The Royal Australian College of Physicians (RACP) wants NSW cask wine prices dramatically increased to discourage binge drinking.
RACP has written a submission to the parliamentary review of NSW liquor laws, asking for them to be tightened.
It wants the government to consider limiting the density of bottle shops as part of liquor licensing and introducing a minimum price for alcohol.
RACP’s drug and alcohol expert Professor Paul Haber said: “Now is not the time for complacency.
“Instead, we should be talking about more ways we can strengthen our laws to protect the community from other forms of alcohol-related harm.”
A four litre box of NSW cask wine that sells for around $13 at bottle shops would increase to $52.
“We know that the rates of alcohol consumption in Australia are contributing to a significant disease burden for individuals and our health services,” Prof Haber said.
“Alcohol use contributes to the burden of 30 diseases and injuries, including alcohol use disorders, eight types of cancer, chronic liver disease and 12 types of injury, predominantly road traffic injuries, suicide and self-inflicted injuries.”

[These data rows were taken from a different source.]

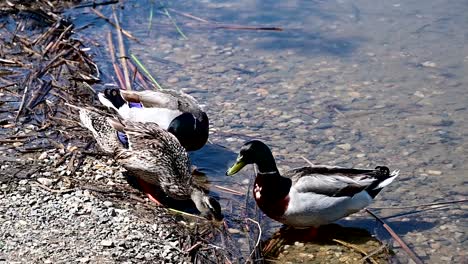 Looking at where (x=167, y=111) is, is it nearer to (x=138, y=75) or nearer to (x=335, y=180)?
(x=138, y=75)

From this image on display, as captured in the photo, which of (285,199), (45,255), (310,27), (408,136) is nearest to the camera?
(45,255)

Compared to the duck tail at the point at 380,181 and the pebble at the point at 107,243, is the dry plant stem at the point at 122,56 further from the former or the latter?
the pebble at the point at 107,243

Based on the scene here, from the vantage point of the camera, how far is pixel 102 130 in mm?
6215

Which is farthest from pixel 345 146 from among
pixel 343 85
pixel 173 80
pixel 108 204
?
pixel 108 204

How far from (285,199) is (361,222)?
2.37 ft

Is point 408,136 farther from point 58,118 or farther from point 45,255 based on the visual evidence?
point 45,255

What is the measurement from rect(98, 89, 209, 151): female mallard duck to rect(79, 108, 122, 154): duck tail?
1.34 ft

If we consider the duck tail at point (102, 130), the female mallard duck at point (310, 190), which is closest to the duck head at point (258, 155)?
the female mallard duck at point (310, 190)

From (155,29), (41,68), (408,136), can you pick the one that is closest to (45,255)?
(41,68)

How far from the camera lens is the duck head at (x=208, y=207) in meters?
5.55

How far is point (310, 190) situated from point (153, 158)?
3.88 feet

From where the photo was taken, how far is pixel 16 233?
4.84m

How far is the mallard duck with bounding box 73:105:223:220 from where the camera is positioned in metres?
5.83

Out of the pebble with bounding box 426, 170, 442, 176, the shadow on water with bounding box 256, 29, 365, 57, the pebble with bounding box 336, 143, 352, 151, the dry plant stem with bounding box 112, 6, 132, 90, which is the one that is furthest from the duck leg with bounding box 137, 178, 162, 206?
the shadow on water with bounding box 256, 29, 365, 57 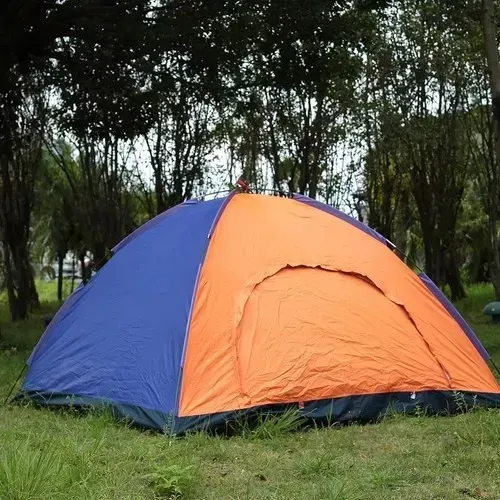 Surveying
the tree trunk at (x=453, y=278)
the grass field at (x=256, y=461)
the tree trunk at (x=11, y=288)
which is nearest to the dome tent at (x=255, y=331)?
the grass field at (x=256, y=461)

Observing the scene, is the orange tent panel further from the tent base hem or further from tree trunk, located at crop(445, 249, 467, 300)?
tree trunk, located at crop(445, 249, 467, 300)

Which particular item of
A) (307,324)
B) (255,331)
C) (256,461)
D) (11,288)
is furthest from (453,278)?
(256,461)

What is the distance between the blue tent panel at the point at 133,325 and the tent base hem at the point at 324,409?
8cm

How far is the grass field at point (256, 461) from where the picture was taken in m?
3.88

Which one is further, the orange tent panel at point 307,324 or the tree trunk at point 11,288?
the tree trunk at point 11,288

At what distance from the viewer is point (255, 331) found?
18.7 ft

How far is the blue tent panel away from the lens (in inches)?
223

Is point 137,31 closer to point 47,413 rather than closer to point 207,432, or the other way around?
point 47,413

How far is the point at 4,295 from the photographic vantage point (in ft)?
101

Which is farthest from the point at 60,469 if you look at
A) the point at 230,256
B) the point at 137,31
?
the point at 137,31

Advocacy group Last Drinks, made up of doctors and allied health workers, agrees.
“The facts are clear. Sydney’s successful alcohol laws have saved lives and prevented thousands of injuries,” the campaign’s spokesman Dr Tony Sara said.

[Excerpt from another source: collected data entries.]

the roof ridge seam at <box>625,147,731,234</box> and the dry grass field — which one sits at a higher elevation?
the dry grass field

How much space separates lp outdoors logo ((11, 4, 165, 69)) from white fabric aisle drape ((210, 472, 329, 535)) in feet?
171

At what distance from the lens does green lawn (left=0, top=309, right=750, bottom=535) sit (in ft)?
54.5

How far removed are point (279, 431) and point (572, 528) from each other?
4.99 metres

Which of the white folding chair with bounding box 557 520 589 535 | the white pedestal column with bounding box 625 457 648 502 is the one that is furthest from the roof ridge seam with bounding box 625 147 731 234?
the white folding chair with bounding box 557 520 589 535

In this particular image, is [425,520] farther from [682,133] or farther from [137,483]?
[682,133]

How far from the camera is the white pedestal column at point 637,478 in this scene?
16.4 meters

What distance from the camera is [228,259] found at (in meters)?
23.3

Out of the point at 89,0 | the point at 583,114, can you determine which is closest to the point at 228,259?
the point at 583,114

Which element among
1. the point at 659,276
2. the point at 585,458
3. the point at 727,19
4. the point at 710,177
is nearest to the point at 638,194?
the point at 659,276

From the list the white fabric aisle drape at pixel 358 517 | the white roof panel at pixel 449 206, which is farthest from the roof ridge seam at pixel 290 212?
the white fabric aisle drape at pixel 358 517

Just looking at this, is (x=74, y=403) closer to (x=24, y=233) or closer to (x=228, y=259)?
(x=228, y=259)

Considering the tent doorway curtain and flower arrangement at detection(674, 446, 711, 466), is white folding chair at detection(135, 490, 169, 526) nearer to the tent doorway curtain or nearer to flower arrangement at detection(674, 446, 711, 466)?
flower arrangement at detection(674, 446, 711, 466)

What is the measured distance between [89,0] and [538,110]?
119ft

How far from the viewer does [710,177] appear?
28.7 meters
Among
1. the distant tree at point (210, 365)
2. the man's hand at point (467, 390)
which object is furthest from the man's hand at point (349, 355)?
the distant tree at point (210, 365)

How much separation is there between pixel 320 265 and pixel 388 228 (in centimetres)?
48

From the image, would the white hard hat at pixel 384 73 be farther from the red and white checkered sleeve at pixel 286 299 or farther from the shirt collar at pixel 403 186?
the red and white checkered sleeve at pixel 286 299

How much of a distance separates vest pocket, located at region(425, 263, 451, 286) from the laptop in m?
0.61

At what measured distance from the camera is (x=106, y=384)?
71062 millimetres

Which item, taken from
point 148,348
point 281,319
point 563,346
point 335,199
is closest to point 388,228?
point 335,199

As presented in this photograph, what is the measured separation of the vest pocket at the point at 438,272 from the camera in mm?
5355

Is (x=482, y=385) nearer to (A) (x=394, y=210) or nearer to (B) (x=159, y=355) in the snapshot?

“There is absolutely no doubt the laws have significantly reduced major alcohol-related injuries in both Kings Cross and the CBD. St Vincent’s Hospital has seen a 24.8% reduction of seriously injured patients during high alcohol periods and a 50% reduction in serious head injuries between 8pm and 8am.”
Last year, the Northern Territory became the first Australian jurisdiction to put a floor price on alcohol.

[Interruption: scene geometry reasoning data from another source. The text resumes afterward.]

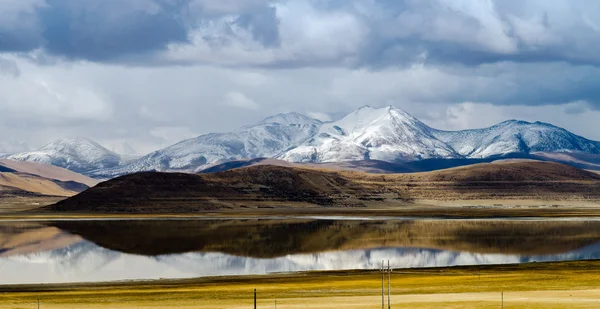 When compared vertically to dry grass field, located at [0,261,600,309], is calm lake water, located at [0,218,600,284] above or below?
above

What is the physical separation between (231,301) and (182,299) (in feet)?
12.6

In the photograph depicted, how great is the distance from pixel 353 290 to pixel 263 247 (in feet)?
173

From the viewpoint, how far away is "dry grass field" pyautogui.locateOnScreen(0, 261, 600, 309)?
5284 cm

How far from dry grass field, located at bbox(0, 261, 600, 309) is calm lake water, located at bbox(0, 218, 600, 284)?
919 cm

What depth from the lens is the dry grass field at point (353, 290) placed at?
173 feet

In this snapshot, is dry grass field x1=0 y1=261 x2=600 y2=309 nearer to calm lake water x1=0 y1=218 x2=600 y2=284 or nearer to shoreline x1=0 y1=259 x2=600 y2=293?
shoreline x1=0 y1=259 x2=600 y2=293

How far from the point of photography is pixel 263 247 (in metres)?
116

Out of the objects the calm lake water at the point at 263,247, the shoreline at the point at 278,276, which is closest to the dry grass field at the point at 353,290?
the shoreline at the point at 278,276

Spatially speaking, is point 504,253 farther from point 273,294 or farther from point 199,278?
point 273,294

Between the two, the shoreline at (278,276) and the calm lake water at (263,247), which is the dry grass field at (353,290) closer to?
the shoreline at (278,276)

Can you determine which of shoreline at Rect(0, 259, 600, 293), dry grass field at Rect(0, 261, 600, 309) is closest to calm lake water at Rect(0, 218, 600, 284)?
shoreline at Rect(0, 259, 600, 293)

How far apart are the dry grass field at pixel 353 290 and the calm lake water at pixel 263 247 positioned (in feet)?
30.1

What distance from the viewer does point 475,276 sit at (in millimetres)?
74688

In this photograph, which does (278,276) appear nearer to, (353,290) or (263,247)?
(353,290)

The territory’s parliament passed the laws in August 2018, which require alcohol to be sold for at least $1.30 per standard drink.
Cask wine sales have plummeted in the NT since the laws were introduced.
The chief executive of Australian Grape and Wine, Tony Battaglene, told the Sydney Morning Herald that minimum floor pricing was a “blunt instrument” that targeted “poor people”.
“We are watching how it goes in the Northern Territory but we believe all it has done is take cask wine out of the market and so people will substitute it for other forms, possibly drugs,” Battaglene said.
“We believe that a better response would be more targeted measures around responsible drinking.”
A cross-party parliamentary committee is currently examining submissions from supporters and opponents regarding the lock-out laws.
It is due to report back to parliament by the end of September.